# THE RECORDS
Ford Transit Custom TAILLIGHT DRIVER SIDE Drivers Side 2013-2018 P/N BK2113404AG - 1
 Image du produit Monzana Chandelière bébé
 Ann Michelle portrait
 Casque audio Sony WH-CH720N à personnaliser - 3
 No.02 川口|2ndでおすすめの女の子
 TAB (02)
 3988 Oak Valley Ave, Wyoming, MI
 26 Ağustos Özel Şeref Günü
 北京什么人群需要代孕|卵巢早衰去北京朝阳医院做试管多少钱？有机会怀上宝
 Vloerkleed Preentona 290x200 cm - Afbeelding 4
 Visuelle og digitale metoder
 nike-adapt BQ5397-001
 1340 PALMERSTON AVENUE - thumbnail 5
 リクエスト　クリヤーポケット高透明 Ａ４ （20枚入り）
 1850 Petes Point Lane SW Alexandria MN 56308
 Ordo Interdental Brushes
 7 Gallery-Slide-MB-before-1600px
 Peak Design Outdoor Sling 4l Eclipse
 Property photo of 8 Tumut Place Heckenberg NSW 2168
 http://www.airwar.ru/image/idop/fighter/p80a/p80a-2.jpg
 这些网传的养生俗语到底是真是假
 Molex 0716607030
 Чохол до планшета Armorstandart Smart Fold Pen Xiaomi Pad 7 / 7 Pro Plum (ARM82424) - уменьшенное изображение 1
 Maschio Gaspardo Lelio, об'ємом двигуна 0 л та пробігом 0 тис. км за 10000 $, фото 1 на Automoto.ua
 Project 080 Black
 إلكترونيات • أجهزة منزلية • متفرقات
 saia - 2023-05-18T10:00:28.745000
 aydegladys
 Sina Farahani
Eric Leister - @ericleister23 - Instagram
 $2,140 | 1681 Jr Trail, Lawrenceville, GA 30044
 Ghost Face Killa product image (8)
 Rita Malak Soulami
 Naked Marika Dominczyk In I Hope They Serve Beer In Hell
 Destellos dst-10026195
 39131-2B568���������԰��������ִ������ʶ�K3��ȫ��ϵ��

# ASSIGNMENT
Nothing should be returned except the lines from the one holding "Lawrenceville, GA 30044" through the final line of the listing, exactly as they appear.

# SOLUTION TO THIS EXERCISE
 $2,140 | 1681 Jr Trail, Lawrenceville, GA 30044
 Ghost Face Killa product image (8)
 Rita Malak Soulami
 Naked Marika Dominczyk In I Hope They Serve Beer In Hell
 Destellos dst-10026195
 39131-2B568���������԰��������ִ������ʶ�K3��ȫ��ϵ��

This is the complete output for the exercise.